De la tele vislumbró a aquel hombre que observaba con la mirada partida un triste trozo de carne que se tambaleaba por la barra. Llevaba en sus vestidos el reclamo del sexo de pago y la evidencia del destape. El actor bebía escuetos tragos de una copa que no tenía pinta de ser la primera. La música sonaba intrascendente y su aspecto era el de una víctima de los desmanes y los entresijos del perder. Caminó despacio por aquel local después de depositar un sonrojado billete en la barra. Al salir al exterior, la noche le golpeó con tanta furia que se tuvo que sentar en un banco cercano a un parque. Encendió un cigarro y fumó con la misma desgana la media docena siguientes. De allí se desplazó a un viejo piso donde al parecer vivía solo y consiguió recostarse en un tullido colchón al apartar varias latas y botellas del camino. A la jornada siguiente, el hombre se dirigió a la sucursal donde trabajaba, encogido en un pequeño rincón sin hacer ruido hasta llegar las 7. Vuelta a la calle y a juntarse con un par de lo que se intuían sus amigos y recorrer tascas y bares. Y al llegar de nuevo la noche, antes de perderse por tugurios y alternes, se le veía llorar sentado en su sillón entre el reflejo de la luna atravesando las persianas. Aquel tipo que le ofrecía la pantalla tenía las cualidades de un ser gastado, vagante, corrompido por la certeza de aquellos que afirman los años no perdonan.

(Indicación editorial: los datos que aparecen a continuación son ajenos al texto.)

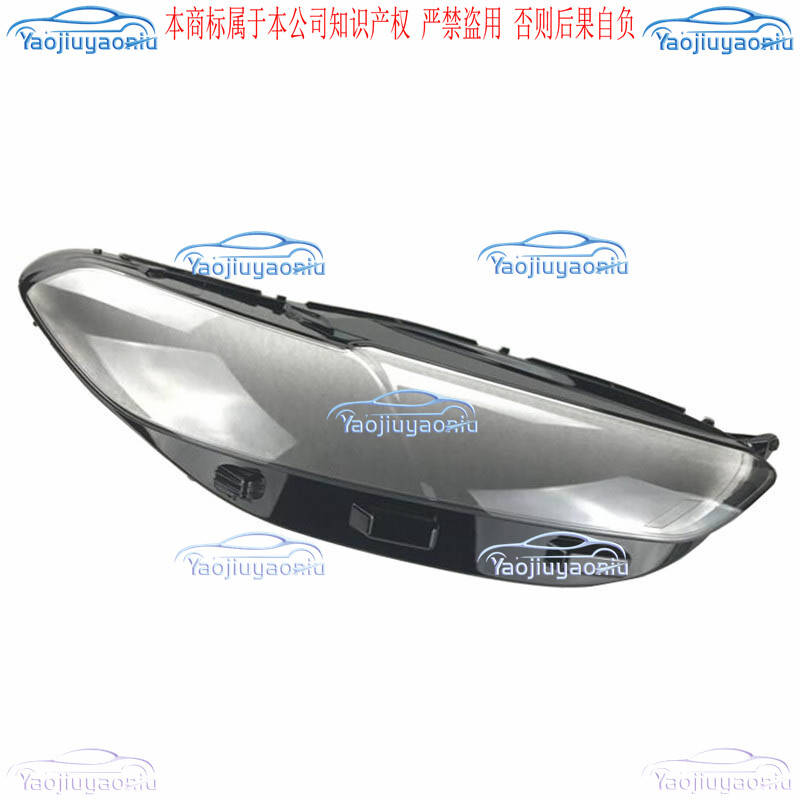 For Ford Fusion 20132016 ABS Left Front Headlights light lamp Cover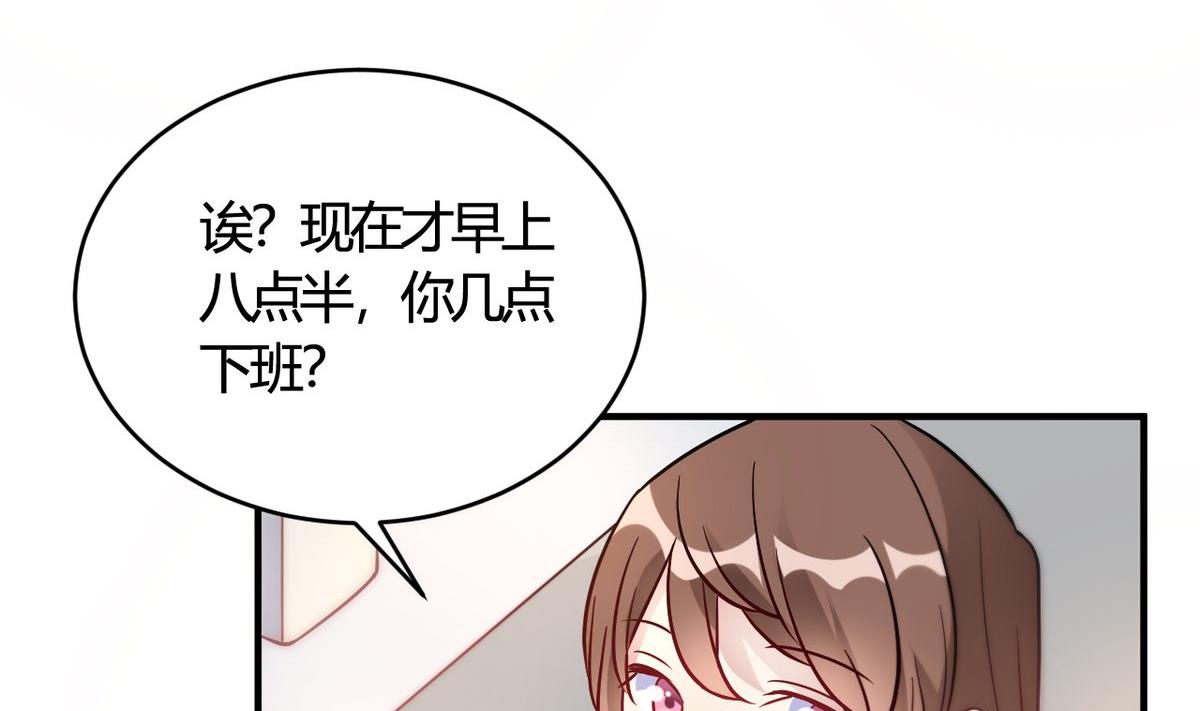🍘我成了科学家的恋爱实验作品 第50话 第41页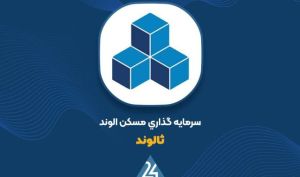 افزایش سرمایه «ثالوند» در مرجع ثبت شرکتها به ثبت رسید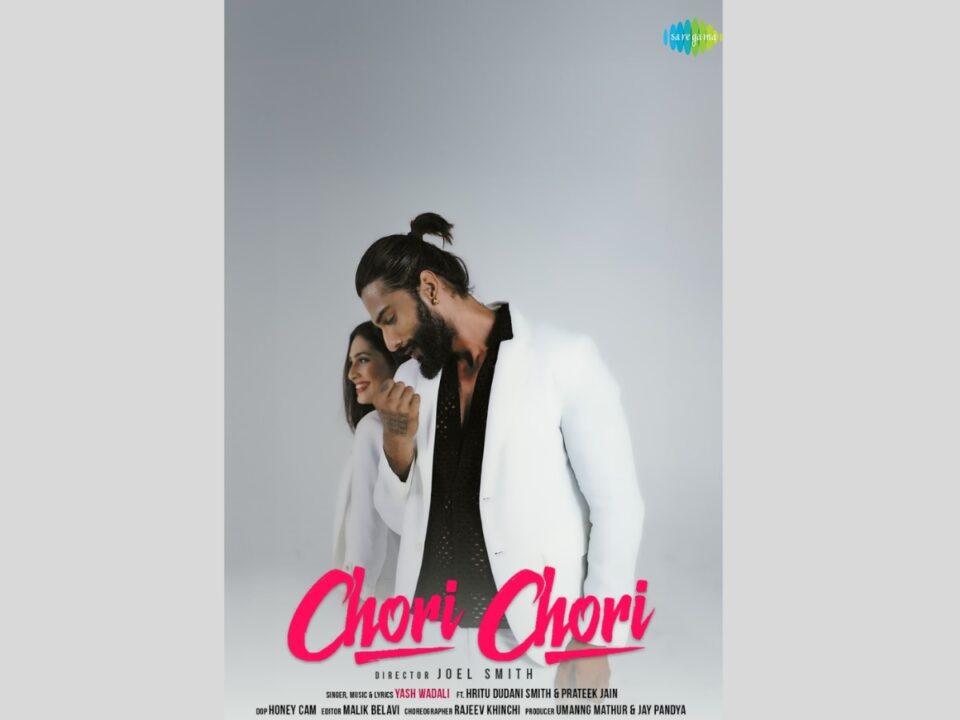 Eye Media Network Releases its New Punjabi Song “Chori Chori”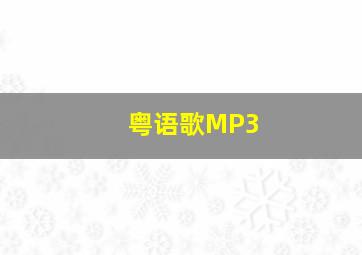 粤语歌MP3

Triste existencia la de los solitarios y también la de los acomodados inconformistas. Advirtió en ese reflejo a alguien que había seguido la senda de lanzarse a perseguir sus sueños, de evitar el estancamiento, de empeñarse en seguir a esa mujer que no era su adecuada pero que le ofrecía un futuro inconcreto y apasionante. A Isidro no le costó averiguar que ese hombre era él, se había reencontrado en una pantalla con lo que le habría esperado sin la casa y mujer que ahora tanto le angustiaban.
Isidro regresó al dormitorio y miró sonriendo aquella vida que le aguardaba dormida en su lecho de rutina.